Handel: Lage stabilisiert, Erwartungen trüben wieder ein
Auch der Handel hatte sich bereits spürbar von den Einbrüchen erholt. Bezogen auf die Einschätzung der Lage setzt sich dies fort. Unterstützt wurde die Erholung des Handels durch Nachholeffekte von während der Schließungen ausgebliebenden Käufen und Vorziehkäufen infolge der Mehrwertsteuer-Wieder-Anhebung zum Jahreswechsel. Insbesondere im Kfz-Handel konnte sich die Lage dadurch verbessern. Allerdings versetzen eingetrübte Erwartungen auch hier der Stimmung einen Dämpfer.

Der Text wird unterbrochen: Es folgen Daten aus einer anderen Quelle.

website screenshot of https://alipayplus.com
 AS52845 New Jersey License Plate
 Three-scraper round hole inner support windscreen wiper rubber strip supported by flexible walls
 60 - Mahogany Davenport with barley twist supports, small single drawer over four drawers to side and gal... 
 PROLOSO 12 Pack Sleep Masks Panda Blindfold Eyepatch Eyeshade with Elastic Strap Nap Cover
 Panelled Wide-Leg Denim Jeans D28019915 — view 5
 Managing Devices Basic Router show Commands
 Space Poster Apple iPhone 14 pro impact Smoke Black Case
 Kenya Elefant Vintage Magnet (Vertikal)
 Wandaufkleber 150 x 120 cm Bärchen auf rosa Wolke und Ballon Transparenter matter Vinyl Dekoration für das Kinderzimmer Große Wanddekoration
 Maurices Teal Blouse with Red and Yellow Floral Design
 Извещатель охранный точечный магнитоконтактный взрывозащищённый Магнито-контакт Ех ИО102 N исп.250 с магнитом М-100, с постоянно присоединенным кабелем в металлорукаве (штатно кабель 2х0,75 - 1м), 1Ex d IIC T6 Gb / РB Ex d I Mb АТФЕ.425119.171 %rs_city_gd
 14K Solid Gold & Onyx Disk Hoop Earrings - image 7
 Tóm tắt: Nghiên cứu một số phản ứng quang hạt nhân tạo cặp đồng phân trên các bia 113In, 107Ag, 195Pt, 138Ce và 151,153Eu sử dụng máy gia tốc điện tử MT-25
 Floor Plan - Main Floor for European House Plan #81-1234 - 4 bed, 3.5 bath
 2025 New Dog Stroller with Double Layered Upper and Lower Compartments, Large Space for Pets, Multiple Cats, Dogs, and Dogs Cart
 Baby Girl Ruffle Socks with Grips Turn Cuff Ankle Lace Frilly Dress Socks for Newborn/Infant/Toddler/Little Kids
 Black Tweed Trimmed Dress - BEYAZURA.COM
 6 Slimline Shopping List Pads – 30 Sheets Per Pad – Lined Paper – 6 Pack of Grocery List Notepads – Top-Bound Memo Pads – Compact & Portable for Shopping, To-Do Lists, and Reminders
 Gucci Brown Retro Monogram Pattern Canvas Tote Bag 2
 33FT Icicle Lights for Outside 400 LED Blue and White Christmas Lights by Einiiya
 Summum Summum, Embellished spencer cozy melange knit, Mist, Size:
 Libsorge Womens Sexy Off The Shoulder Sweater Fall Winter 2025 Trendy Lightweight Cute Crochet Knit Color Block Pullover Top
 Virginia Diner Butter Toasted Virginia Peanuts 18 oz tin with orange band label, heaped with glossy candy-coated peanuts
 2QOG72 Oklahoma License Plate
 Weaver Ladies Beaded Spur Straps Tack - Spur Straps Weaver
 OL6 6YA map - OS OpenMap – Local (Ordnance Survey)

Im Ergebnis ist das Geschäftsklima zum Vorquartal fast unverändert mit einem nahezu neutralen Saldo von -2,4 Punkten.
Verkehr: Gespaltene Konjunktur
Das Geschäftsklima im Verkehrsgewerbe bleibt auf dem Niveau des Vorquartals. Mit -12,9 Punkten ist es kaum verbessert. Dahinter stehen aber unterschiedliche Entwicklungen. Vorwiegend Unternehmen, die von den Eindämmungsmaßnahmen betroffen sind, geraten durch die aktuelle Verschärfung noch stärker in die Krise. Da verwundert es nicht, dass im Verkehrsgewerbe die Finanzlage mit am stärksten durch die Krise beeinträchtigt wurde. Rund 40 Prozent berichten von Eigenkapitalrückgang, rund 20 Prozent von Liquiditätsengpässen. Fünf Prozent der Verkehrsunternehmen rechnen sogar mit der Möglichkeit ihrer Insolvenz.